Check that the values for y_pred equal the values for y_hat, at least the the 8th decimal place.

In [None]:
assert (np.round(y_pred,8) == np.round(y_hat.values.reshape(-1,1),8)).all() 

### Evaluate model performance

**Question 8 (2 pts):** Using the `y_pred` predicted values you developed above, calculate the error term $e_i$ (aka, the residual) for each pair of predictions and observations. The result for `error` should be a 1-dimensional array that has the same length as our number of observations. Then, create a scatter plot with the residual on the y-axis and Annual VMT on the x-axis. Overlay on your plot a dotted horizontal line that crosses the y-axis at zero.

In [None]:
# #YOUR CODE HERE

error = ... 

plt.scatter(...)
plt.axline(...)
plt.title(...)
plt.xlabel(...)
plt.ylabel(...)
plt.show()

**Question 9 (1pt):** Visually inspect your residual plot. Are there any regions of the x-domain in which your model seems to be systematically over- or under-estimating the response variable? Is this a sign of variance or bias in your model, and what is one strategy for correcting this issue?

*YOUR ANSWER HERE*

**Question 10 (1 pt)** Calculate the mean square error (MSE) for your model using the formula below. Your result should be a single, non-negative value.

$
MSE  =\frac{1}{n} \sum_{i=1}^n e_i^2
$

*Hint:* Use the `error` array you created in Question 8.

In [None]:
# YOUR CODE HERE
MSE = ...
print(MSE)

Alternatively, you can use scikit-learn built-in functions to calculate MSE.

In [None]:
MSE = mean_squared_error(df[i_day], y_hat)
MSE

### Train-Test Split

In the previous problem, you evaluated the mean squared error of your model on the full set of training data.
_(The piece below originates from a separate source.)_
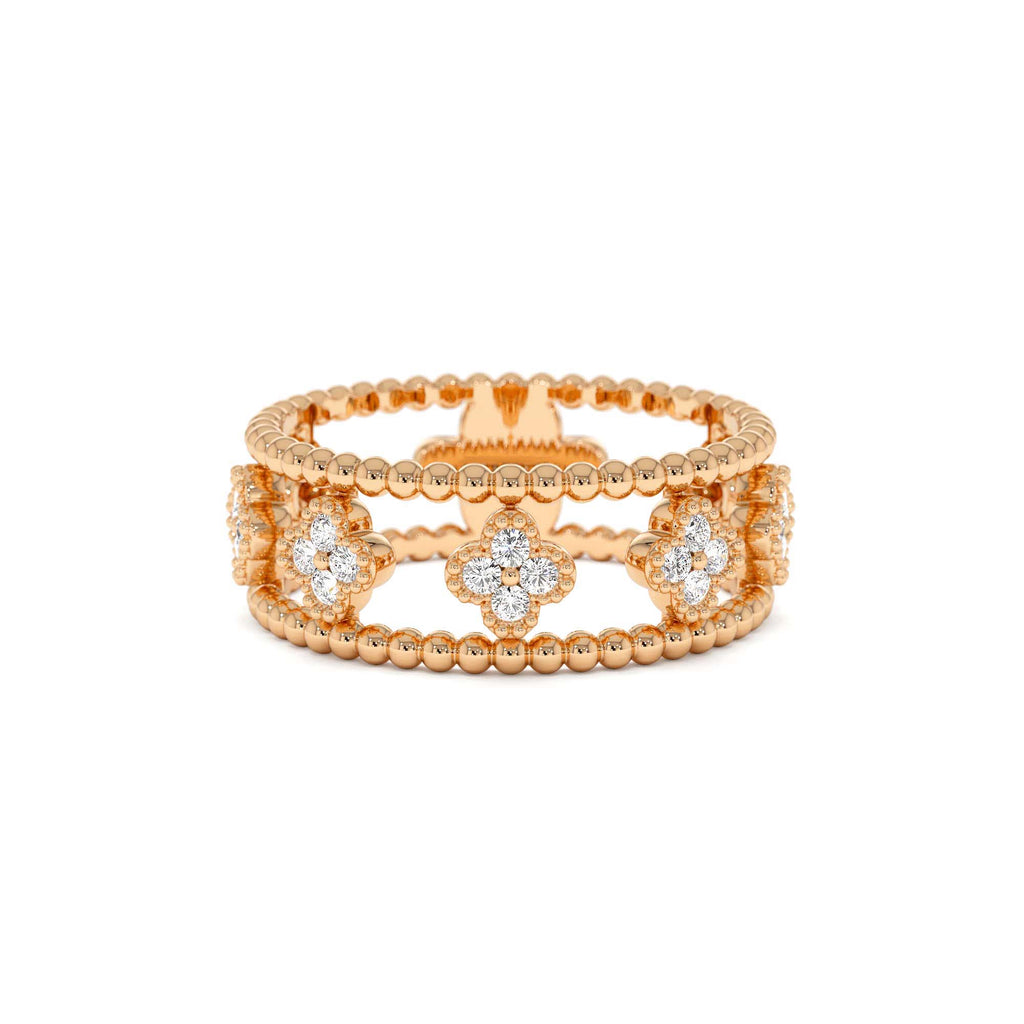 Double Band Diamond Clover Ring in 14K Gold — view 5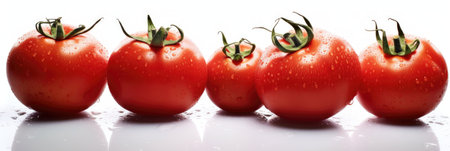 Set of Fresh Red Tomatos with water droplets isolated on white background. Generative Aiの素材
To get a better sense of the out-of-sample performance of your modeling approach, you can instead divide our data into train and test sets, fit the model on the training set, and evaluate it on the train and test sets. 

**Question 11 (2pts):** Complete the code below to do a train/test split, fit a linear model on the training set, and evaluate the mean squared error (MSE) of your model on both the training set and the test set. 

In [None]:
# Train-test split
X_train, X_test, y_train, y_test = train_test_split(X, y, test_size=0.1, random_state=123)

# Fit a model on the training set 
# YOUR CODE HERE

# Use your model to predict y values for both the train and test set
# YOUR CODE HERE

# Evaluate MSE for both the train and test set
MSE_train = ...
MSE_test = ...

# Print results
print('Train MSE: ' + str(MSE_train))
print('Test MSE: ' + str(MSE_test))

**Question 12 (1pts):** Which MSE is highter? Why might that be?

*YOUR ANSWER HERE*

# Hooray, you're done! 

Please remember to submit your lab work, after clicking Kernel -> Restart & Run All, in .html format on bCourses.